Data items
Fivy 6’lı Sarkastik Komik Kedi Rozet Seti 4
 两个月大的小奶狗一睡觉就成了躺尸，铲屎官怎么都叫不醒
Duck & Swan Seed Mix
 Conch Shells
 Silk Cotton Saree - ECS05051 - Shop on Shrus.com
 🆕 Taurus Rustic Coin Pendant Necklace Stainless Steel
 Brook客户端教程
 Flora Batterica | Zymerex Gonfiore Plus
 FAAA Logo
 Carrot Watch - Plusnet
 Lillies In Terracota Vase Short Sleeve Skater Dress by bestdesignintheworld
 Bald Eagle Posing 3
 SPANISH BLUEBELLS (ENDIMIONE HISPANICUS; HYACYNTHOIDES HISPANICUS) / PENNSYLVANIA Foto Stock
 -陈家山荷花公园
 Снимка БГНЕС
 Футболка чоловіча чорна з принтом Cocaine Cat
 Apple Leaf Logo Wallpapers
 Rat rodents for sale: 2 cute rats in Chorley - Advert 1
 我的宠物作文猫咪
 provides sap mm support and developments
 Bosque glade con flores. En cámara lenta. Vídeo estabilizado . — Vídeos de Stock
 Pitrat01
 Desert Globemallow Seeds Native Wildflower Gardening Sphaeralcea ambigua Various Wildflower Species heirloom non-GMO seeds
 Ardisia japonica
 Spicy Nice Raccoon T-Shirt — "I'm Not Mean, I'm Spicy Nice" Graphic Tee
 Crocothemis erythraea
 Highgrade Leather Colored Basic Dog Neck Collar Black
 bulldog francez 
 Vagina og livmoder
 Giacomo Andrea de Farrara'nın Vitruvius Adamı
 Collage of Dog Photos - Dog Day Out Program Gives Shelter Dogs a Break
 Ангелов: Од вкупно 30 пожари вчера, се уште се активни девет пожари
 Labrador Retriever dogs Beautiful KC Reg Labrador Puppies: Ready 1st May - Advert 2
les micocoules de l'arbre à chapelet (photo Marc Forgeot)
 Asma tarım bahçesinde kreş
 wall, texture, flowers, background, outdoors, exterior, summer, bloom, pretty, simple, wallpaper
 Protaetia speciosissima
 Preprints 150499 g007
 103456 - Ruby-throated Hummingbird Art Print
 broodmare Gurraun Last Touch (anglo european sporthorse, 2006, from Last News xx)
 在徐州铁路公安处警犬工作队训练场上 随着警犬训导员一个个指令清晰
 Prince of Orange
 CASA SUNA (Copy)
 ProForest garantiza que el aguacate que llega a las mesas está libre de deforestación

◆ Task to carry out
Above are some records; copy each line there that contains "Advert".

◆ Solution
 Rat rodents for sale: 2 cute rats in Chorley - Advert 1
 Labrador Retriever dogs Beautiful KC Reg Labrador Puppies: Ready 1st May - Advert 2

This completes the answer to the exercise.